Attorney Geoffrey Fieger, who is representing two of the alleged victims with attorney Sima Patel, said the cases “cannot be forced into secret arbitration" and declared the ruling a "landmark decision."
Gordon said Fieger has mispresented the ruling.
“What the Supreme Court decided is that these cases should go back to the state trial courts,” said Gordon. One case is in Wayne County and another in Oakland County.
“In those respective jurisdictions, it may be ultimately decided that they are employment cases, which under agreements signed by the employees, should go into arbitration,” she said.
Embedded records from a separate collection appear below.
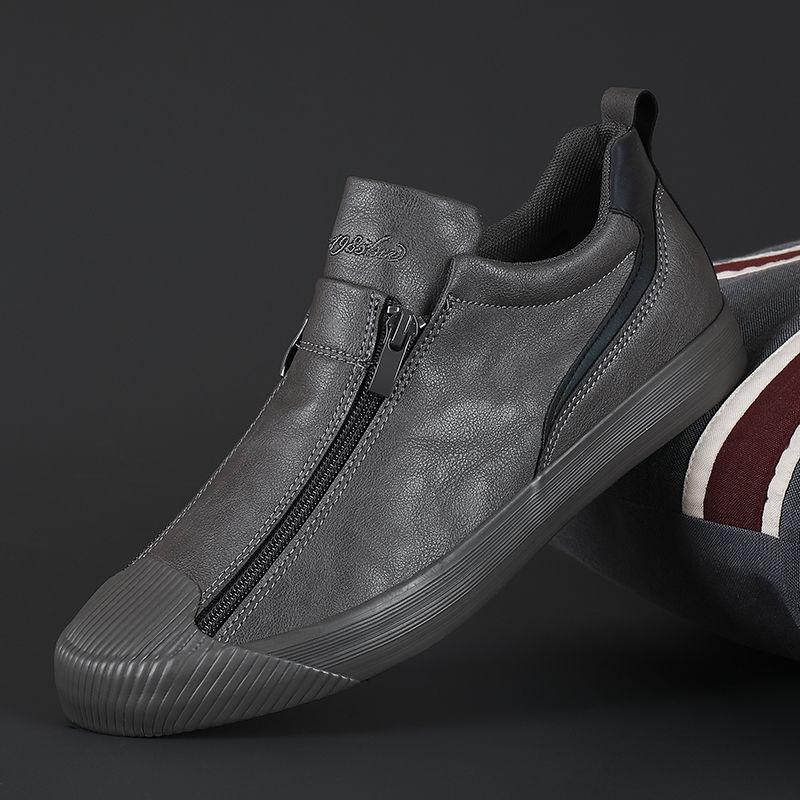 Semelle de sneakers homme, conçue pour un confort supérieur et une excellente marche. Chaussures élégantes et robustes.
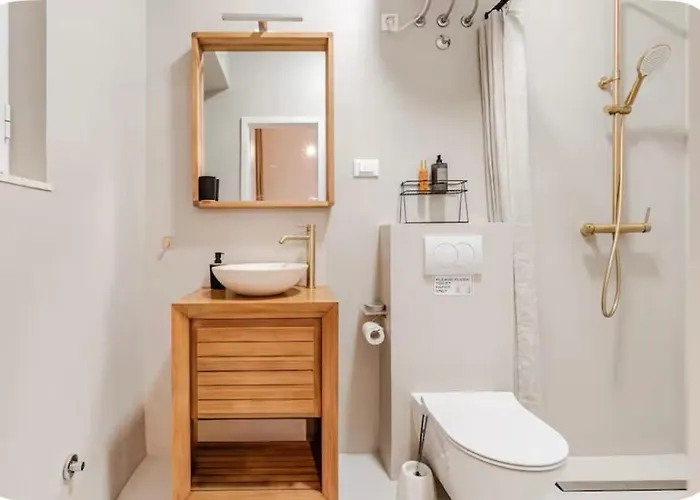 Niva 2- Stunning Sea View 2 Bedroom 公寓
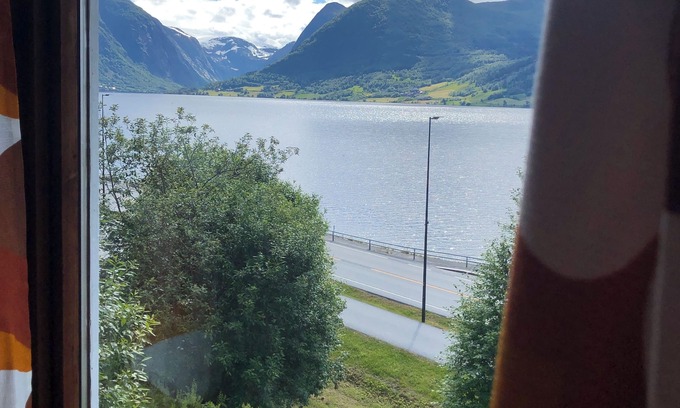 Jolster Maison | Jølster Lake View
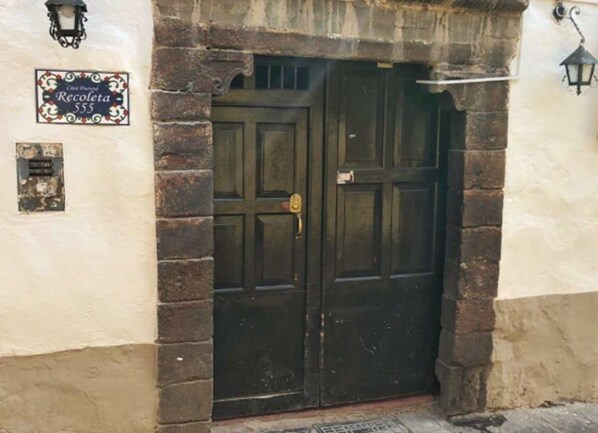 Entrada de la propiedad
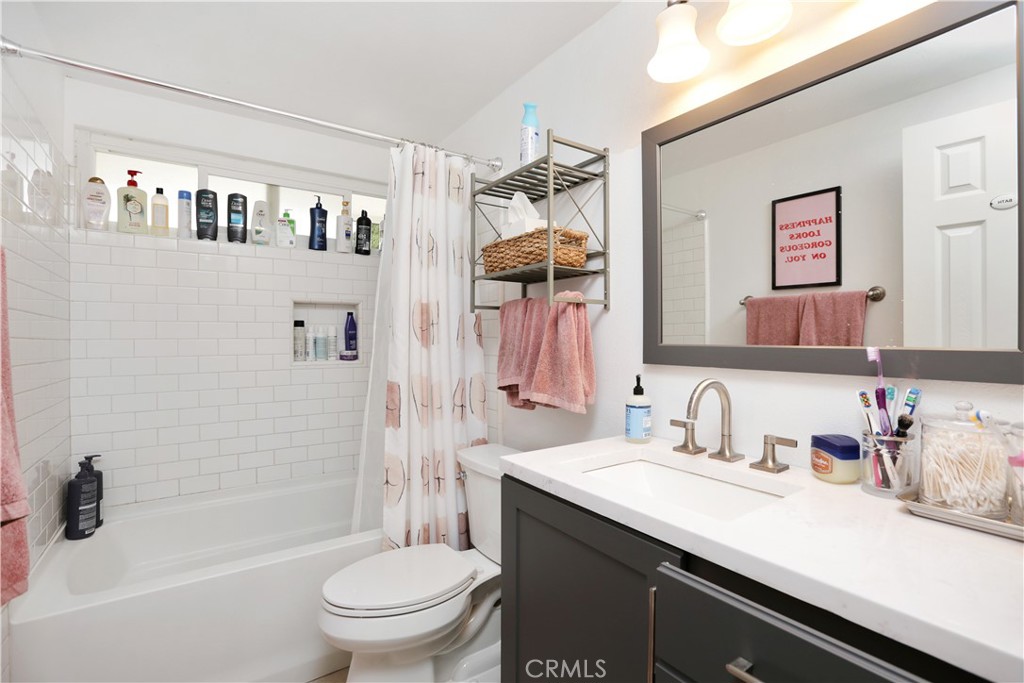1305 W Cherry Property Photo 19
“There is nothing secret about arbitration and arbitration clauses in employee contracts, including law firms, is pretty routine,” Gordon said. “And we are confident when all is done, these claims will be determined to be without merit.”
Samantha Lichon, a former receptionist at Morse’s office from 2015-17, alleged in an Oakland Circuit Court complaint that Morse verbally abused her and groped her on several occasions.
In a Wayne Circuit Court complaint, Jordan Smits alleged Morse grabbed her breast at a December 2015 office Christmas party. Smits, a paralegal at the Morse firm, filed a complaint with the firm’s human resources department and resigned rather than accept a two-week severance package in exchange for signing a nondisclosure agreement. Both women had signed mandatory dispute resolution procedures at the firm, agreeing to arbitration in disputes.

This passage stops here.